## [Your task]
The task calls for the lines below from the line with "Baking Soda for" to the line with "Deep brain stimulation", both ends included, copied exactly, without any pictures.

## [Input data]
****

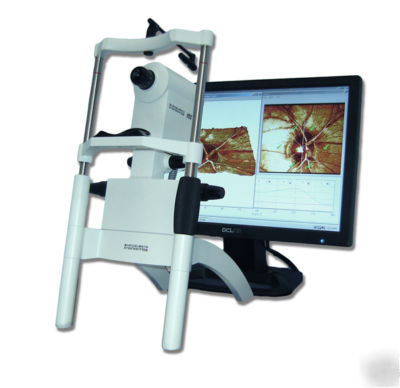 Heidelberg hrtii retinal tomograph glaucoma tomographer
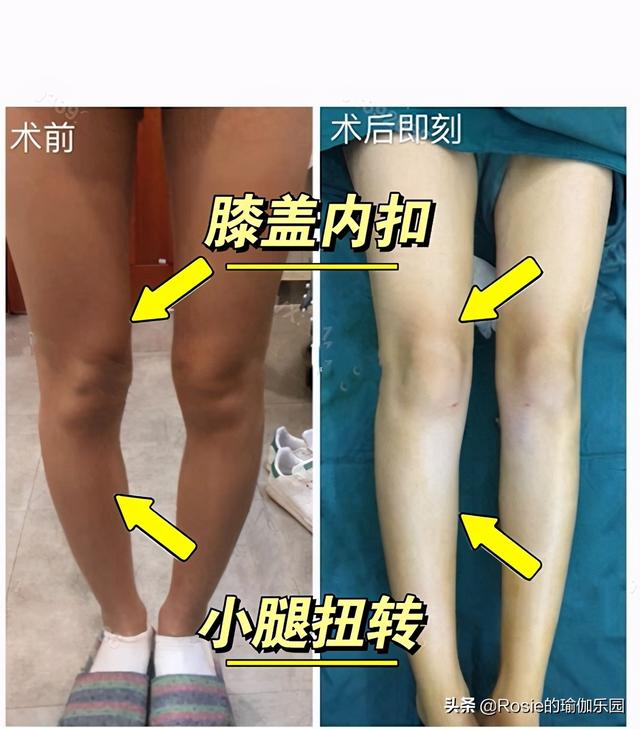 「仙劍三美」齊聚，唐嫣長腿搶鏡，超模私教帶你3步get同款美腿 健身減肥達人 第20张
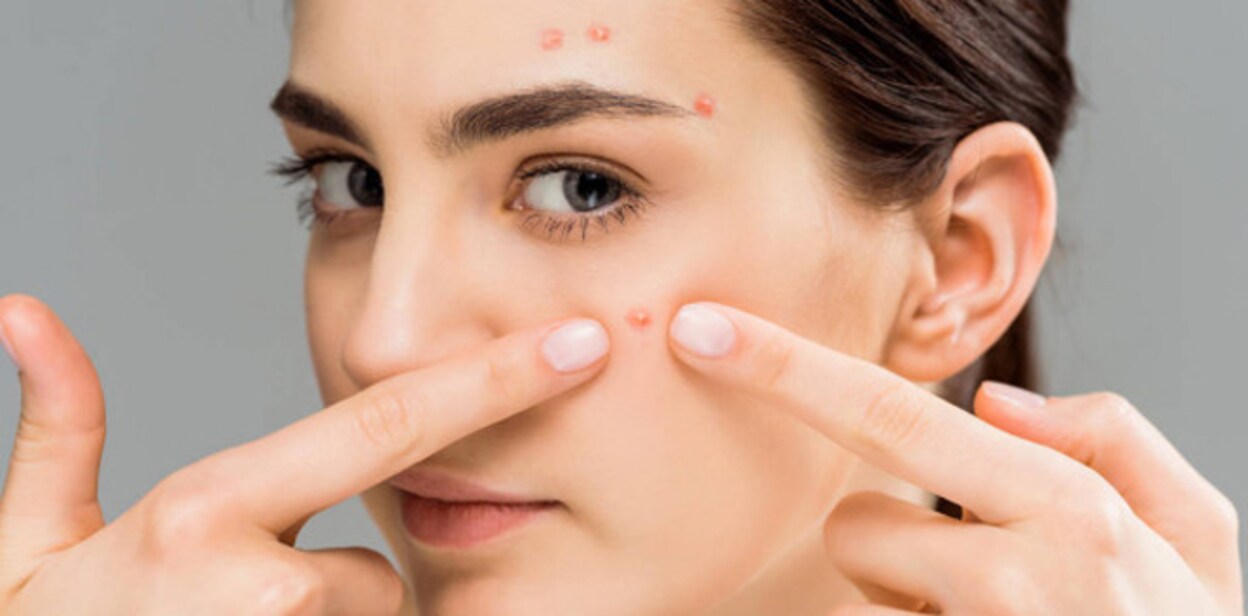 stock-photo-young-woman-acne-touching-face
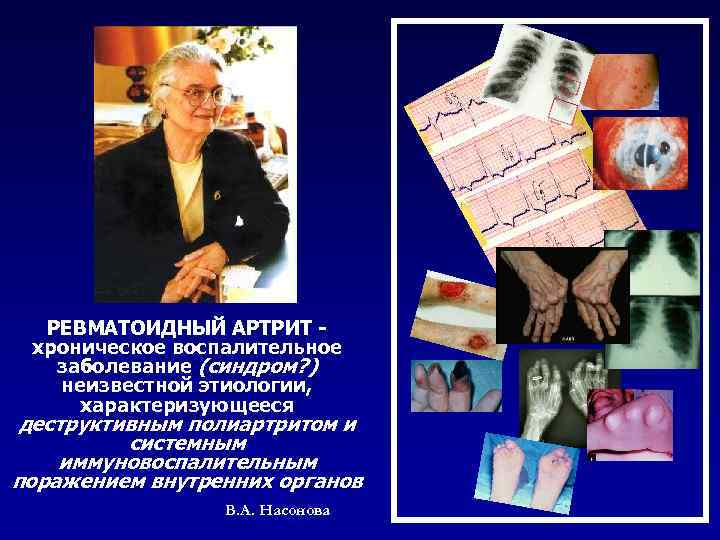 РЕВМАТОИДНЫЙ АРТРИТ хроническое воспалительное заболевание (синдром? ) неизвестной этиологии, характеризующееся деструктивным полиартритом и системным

****

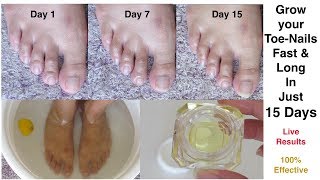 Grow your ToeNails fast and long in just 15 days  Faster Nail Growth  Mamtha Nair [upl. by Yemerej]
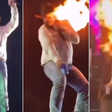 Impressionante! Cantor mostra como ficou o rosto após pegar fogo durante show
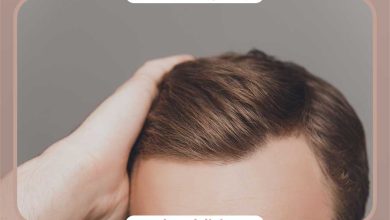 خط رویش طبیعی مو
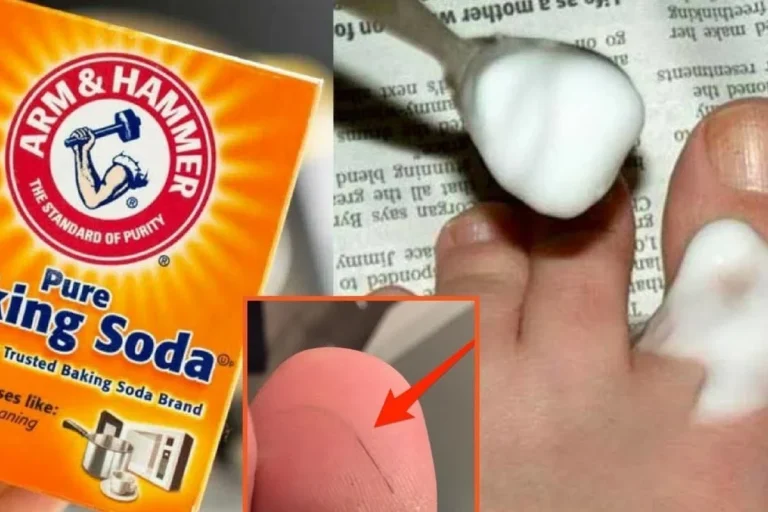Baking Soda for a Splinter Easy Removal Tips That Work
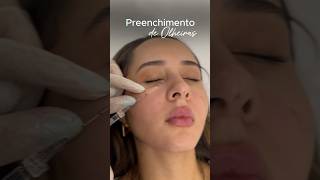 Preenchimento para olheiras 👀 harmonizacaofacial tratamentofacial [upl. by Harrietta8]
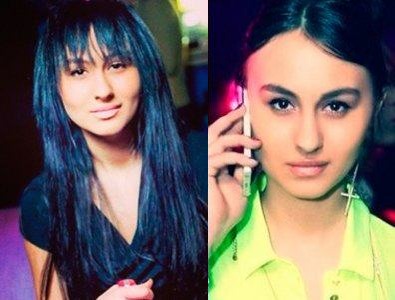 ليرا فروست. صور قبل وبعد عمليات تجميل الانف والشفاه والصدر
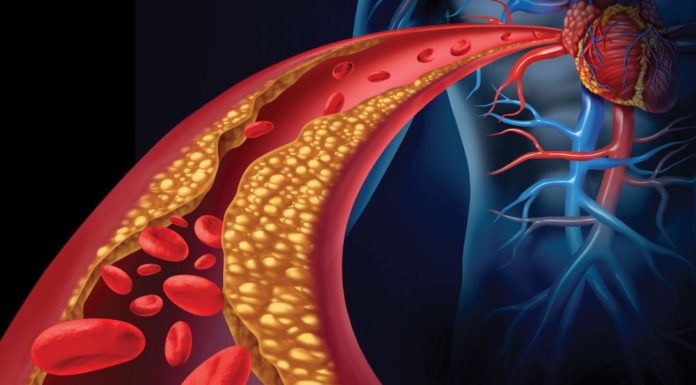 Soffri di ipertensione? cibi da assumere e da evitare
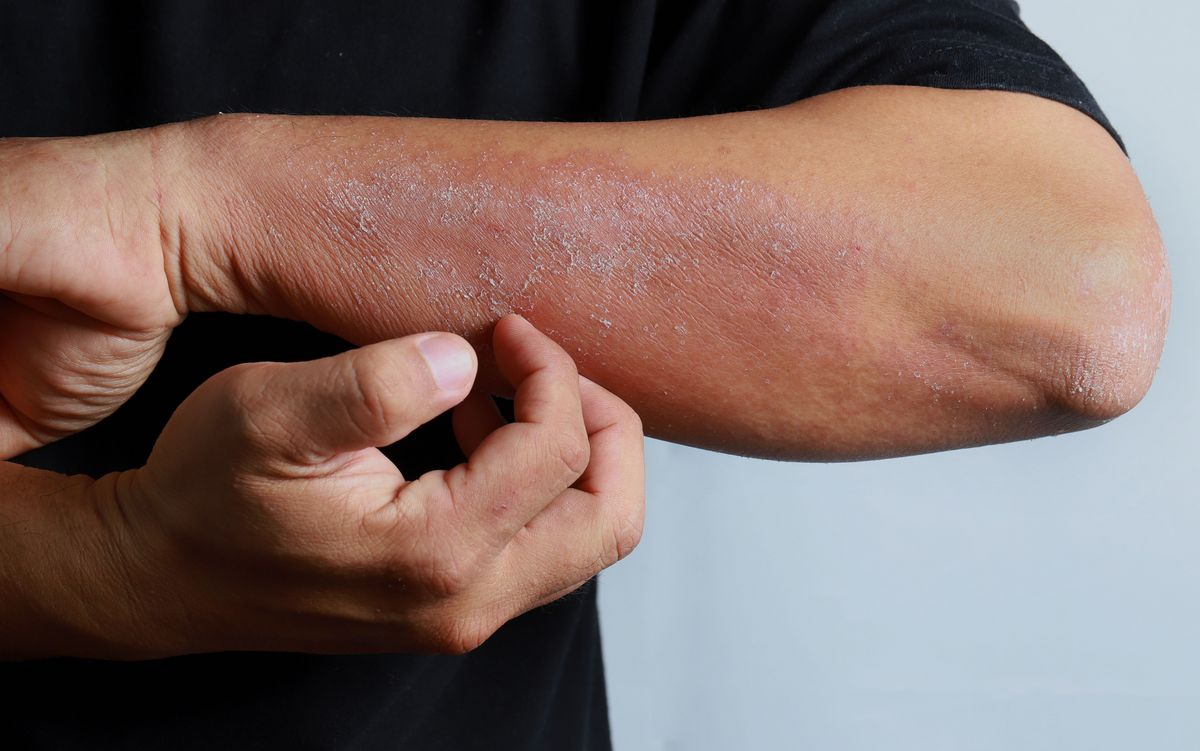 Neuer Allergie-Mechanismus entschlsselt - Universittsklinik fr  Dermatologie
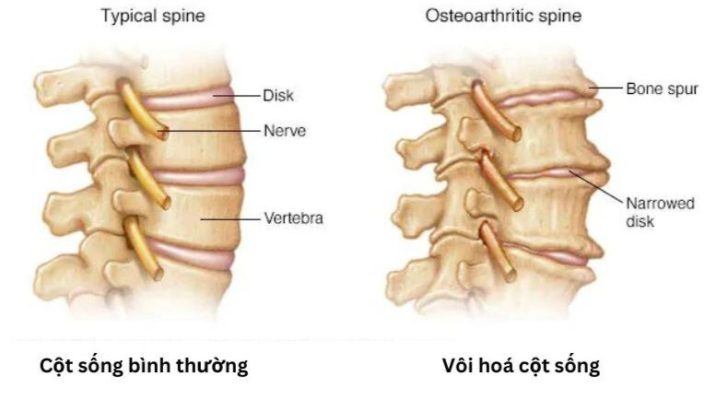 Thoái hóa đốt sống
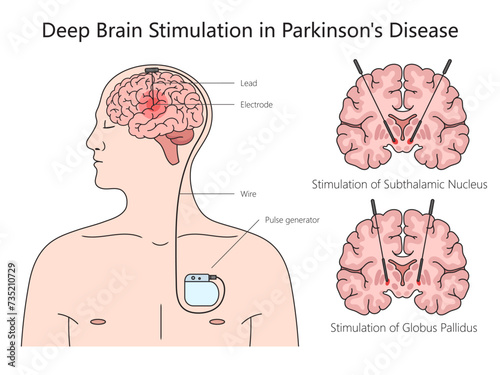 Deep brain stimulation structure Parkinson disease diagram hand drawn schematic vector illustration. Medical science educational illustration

****

## [Solution]
Baking Soda for a Splinter Easy Removal Tips That Work
 Preenchimento para olheiras 👀 harmonizacaofacial tratamentofacial [upl. by Harrietta8]
 ليرا فروست. صور قبل وبعد عمليات تجميل الانف والشفاه والصدر
 Soffri di ipertensione? cibi da assumere e da evitare
 Neuer Allergie-Mechanismus entschlsselt - Universittsklinik fr  Dermatologie
 Thoái hóa đốt sống
 Deep brain stimulation structure Parkinson disease diagram hand drawn schematic vector illustration. Medical science educational illustration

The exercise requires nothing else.